━━━━━ Data section ━━━━━

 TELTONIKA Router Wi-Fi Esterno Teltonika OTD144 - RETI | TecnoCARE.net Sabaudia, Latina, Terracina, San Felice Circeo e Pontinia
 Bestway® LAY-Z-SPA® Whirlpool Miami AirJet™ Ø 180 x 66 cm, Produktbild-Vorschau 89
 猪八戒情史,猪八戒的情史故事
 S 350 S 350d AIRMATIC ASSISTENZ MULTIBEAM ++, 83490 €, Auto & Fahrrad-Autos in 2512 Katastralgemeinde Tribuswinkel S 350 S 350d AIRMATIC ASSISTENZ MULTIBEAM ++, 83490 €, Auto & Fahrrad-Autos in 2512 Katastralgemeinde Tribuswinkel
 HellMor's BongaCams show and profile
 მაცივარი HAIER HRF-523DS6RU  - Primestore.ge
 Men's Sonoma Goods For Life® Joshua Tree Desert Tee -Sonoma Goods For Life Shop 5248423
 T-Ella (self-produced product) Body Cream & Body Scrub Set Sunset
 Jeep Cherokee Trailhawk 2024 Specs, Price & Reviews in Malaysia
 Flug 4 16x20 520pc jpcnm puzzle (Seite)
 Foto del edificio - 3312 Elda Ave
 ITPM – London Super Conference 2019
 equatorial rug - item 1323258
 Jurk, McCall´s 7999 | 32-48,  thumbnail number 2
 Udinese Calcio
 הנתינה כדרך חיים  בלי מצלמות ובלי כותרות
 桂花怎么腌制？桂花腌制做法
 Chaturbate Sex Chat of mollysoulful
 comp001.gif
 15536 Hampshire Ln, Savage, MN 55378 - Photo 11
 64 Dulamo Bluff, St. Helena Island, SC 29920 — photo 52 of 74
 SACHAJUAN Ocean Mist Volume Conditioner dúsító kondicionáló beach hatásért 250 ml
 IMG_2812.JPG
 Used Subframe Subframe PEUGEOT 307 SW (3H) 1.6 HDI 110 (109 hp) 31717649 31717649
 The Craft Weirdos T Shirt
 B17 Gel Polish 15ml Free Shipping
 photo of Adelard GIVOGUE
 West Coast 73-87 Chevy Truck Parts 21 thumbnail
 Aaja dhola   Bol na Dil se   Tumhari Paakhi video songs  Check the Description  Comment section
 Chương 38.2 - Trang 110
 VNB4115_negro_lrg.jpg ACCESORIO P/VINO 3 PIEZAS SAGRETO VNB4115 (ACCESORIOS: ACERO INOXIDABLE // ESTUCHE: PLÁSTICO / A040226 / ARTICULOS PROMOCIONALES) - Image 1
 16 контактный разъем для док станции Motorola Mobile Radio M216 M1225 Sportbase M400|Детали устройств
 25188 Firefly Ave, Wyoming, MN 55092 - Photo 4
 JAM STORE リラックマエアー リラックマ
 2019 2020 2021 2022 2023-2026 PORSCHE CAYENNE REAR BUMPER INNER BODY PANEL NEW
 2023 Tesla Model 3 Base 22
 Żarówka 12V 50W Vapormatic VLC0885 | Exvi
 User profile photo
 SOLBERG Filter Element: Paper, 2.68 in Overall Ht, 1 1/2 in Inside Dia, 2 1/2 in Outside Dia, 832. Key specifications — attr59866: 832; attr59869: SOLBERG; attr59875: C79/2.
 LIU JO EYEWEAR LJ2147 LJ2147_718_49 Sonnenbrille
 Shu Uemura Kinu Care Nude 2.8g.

━━━━━

What is expected: Go through the listing and transcribe all of it exactly.

Task answer:
 TELTONIKA Router Wi-Fi Esterno Teltonika OTD144 - RETI | TecnoCARE.net Sabaudia, Latina, Terracina, San Felice Circeo e Pontinia
 Bestway® LAY-Z-SPA® Whirlpool Miami AirJet™ Ø 180 x 66 cm, Produktbild-Vorschau 89
 猪八戒情史,猪八戒的情史故事
 S 350 S 350d AIRMATIC ASSISTENZ MULTIBEAM ++, 83490 €, Auto & Fahrrad-Autos in 2512 Katastralgemeinde Tribuswinkel S 350 S 350d AIRMATIC ASSISTENZ MULTIBEAM ++, 83490 €, Auto & Fahrrad-Autos in 2512 Katastralgemeinde Tribuswinkel
 HellMor's BongaCams show and profile
 მაცივარი HAIER HRF-523DS6RU  - Primestore.ge
 Men's Sonoma Goods For Life® Joshua Tree Desert Tee -Sonoma Goods For Life Shop 5248423
 T-Ella (self-produced product) Body Cream & Body Scrub Set Sunset
 Jeep Cherokee Trailhawk 2024 Specs, Price & Reviews in Malaysia
 Flug 4 16x20 520pc jpcnm puzzle (Seite)
 Foto del edificio - 3312 Elda Ave
 ITPM – London Super Conference 2019
 equatorial rug - item 1323258
 Jurk, McCall´s 7999 | 32-48,  thumbnail number 2
 Udinese Calcio
 הנתינה כדרך חיים  בלי מצלמות ובלי כותרות
 桂花怎么腌制？桂花腌制做法
 Chaturbate Sex Chat of mollysoulful
 comp001.gif
 15536 Hampshire Ln, Savage, MN 55378 - Photo 11
 64 Dulamo Bluff, St. Helena Island, SC 29920 — photo 52 of 74
 SACHAJUAN Ocean Mist Volume Conditioner dúsító kondicionáló beach hatásért 250 ml
 IMG_2812.JPG
 Used Subframe Subframe PEUGEOT 307 SW (3H) 1.6 HDI 110 (109 hp) 31717649 31717649
 The Craft Weirdos T Shirt
 B17 Gel Polish 15ml Free Shipping
 photo of Adelard GIVOGUE
 West Coast 73-87 Chevy Truck Parts 21 thumbnail
 Aaja dhola   Bol na Dil se   Tumhari Paakhi video songs  Check the Description  Comment section
 Chương 38.2 - Trang 110
 VNB4115_negro_lrg.jpg ACCESORIO P/VINO 3 PIEZAS SAGRETO VNB4115 (ACCESORIOS: ACERO INOXIDABLE // ESTUCHE: PLÁSTICO / A040226 / ARTICULOS PROMOCIONALES) - Image 1
 16 контактный разъем для док станции Motorola Mobile Radio M216 M1225 Sportbase M400|Детали устройств
 25188 Firefly Ave, Wyoming, MN 55092 - Photo 4
 JAM STORE リラックマエアー リラックマ
 2019 2020 2021 2022 2023-2026 PORSCHE CAYENNE REAR BUMPER INNER BODY PANEL NEW
 2023 Tesla Model 3 Base 22
 Żarówka 12V 50W Vapormatic VLC0885 | Exvi
 User profile photo
 SOLBERG Filter Element: Paper, 2.68 in Overall Ht, 1 1/2 in Inside Dia, 2 1/2 in Outside Dia, 832. Key specifications — attr59866: 832; attr59869: SOLBERG; attr59875: C79/2.
 LIU JO EYEWEAR LJ2147 LJ2147_718_49 Sonnenbrille
 Shu Uemura Kinu Care Nude 2.8g.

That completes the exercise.